Pour moi qui admire Clouzot, revoir ce Clouzot-là , le dernier, est toujours un calvaire.

Le sado-masochisme, encore une fois, méritait mieux que ce pensum. 

A plus !

Fred.

Photos du film :








dimanche 11 septembre 2016

CINEMA DE MINUIT - L'ESPION QUI VENAIT DE L'ASILE...

Bonjour les amis !

Ce soir, à 00 H 20 , sur F3 : Les Espions (1957), de Henri-Georges Clouzot...


Les grands films de Clouzot ont tous leur nom dans l'Histoire du Cinéma, souvent évoqués, souvent cités..
Tous sauf un : celui-ci , qui est le chef d'oeuvre injustement méconnu de Clouzot.
Il est encore difficile aujourd'hui de comprendre ce qui a mené le cinéaste à cet étrange huis-clos en asile psychiatrique.
D'autant que le cinéaste de la noirceur et du désespoir semblait avoir découvert l'amour du beau, et de la couleur,  en filmant un peintre au travail (et quel peintre !) dans Le Mystère Picasso...


Mais ce documentaire fut un échec commercial. Clouzot décida alors de renouer avec le public, et de frapper un grand coup avec ce qu'il voulait être une tragédie noire de l'ère atomique, selon ses propres termes.
En 1957, la guerre froide bat son plein. Ces nouveaux combattants, à la fois gentils (les nôtres) et méchants (les autres), que sont les espions, font leur apparition dans les journaux, et dans les romans de Ian Fleming ou de Graham Greene.

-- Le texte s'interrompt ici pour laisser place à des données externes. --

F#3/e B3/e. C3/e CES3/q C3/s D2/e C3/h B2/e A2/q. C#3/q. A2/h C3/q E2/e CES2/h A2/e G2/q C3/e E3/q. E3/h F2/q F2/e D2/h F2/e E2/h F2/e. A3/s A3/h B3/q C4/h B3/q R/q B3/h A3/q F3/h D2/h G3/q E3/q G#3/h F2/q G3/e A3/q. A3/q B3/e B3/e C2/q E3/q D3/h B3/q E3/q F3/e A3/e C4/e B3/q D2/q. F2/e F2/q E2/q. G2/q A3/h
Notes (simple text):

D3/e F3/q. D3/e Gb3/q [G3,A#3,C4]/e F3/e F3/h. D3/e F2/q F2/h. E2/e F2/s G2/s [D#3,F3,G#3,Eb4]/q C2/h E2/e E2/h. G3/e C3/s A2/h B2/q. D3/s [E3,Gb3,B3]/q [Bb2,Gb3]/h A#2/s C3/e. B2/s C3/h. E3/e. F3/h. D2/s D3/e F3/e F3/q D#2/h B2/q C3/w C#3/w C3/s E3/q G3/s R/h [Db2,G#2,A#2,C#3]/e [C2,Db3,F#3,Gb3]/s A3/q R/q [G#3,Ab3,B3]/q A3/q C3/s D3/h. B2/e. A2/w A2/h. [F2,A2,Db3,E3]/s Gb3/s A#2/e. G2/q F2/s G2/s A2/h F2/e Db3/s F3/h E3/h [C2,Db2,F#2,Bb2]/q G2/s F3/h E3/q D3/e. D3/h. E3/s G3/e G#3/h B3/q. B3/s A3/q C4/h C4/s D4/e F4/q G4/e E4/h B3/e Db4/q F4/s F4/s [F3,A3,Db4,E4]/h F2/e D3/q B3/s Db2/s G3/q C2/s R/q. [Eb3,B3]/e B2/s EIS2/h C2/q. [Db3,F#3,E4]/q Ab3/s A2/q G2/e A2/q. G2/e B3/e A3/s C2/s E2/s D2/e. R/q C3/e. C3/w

Le cinéma , lui, ne sait pas trop encore comment appréhender ces héros d'un type nouveau. Les années 60 verront la Boîte de Pandore s'ouvrir...
Pour Clouzot, un monde d'espions, c'est un monde de secrets, un monde d'observateurs et d'observés, et, donc, évidemment, un monde paranoïaque.
D'où l'idée d'adapter un tout petit roman hongrois pour en faire une vaste métaphore de notre monde devenu fou.
Le docteur Mélic, directeur d'un asile psychiatrique à la dérive qui ne compte plus que deux clients, accepte , à la demande d'un officier anglais, d'accueillir, dans le plus grand secret, un espion. Aussitôt, du jour au lendemain, son établissement se retrouve envahi de personnages louches. Mélic va se retrouver au centre d'un jeu qui le dépasse...
Là où Les Diaboliques limitait le huis cos à trois personnages, Les Espions joue sur le foisonnement, l'invasion, le grouillement. Pour marquer l'incompréhension, la barrière de la langue et le danger de l'étranger, Clouzot, pour la première fois, ouvre sa distribution à l'international, avec des acteurs atypiques : l'allemand O.E.Hasse, spécialiste outre-rhin des films de guerre, Curd Jurgens,  l'américain Sam Jaffe, pilier du film noir, et bien sûr, le plus cosmopolite des acteurs, Peter Ustinov.


Ces agents trop curieux harcèlent sans pitié le pauvre docteur Mélic, joué de façon très sobre par Gérard Séty.

Ce fut une idée très originale de confier le rôle principal du film, très effacé, très victime, à un artiste célèbre à l'époque pour son numéro de transformiste. Le symbole est évident.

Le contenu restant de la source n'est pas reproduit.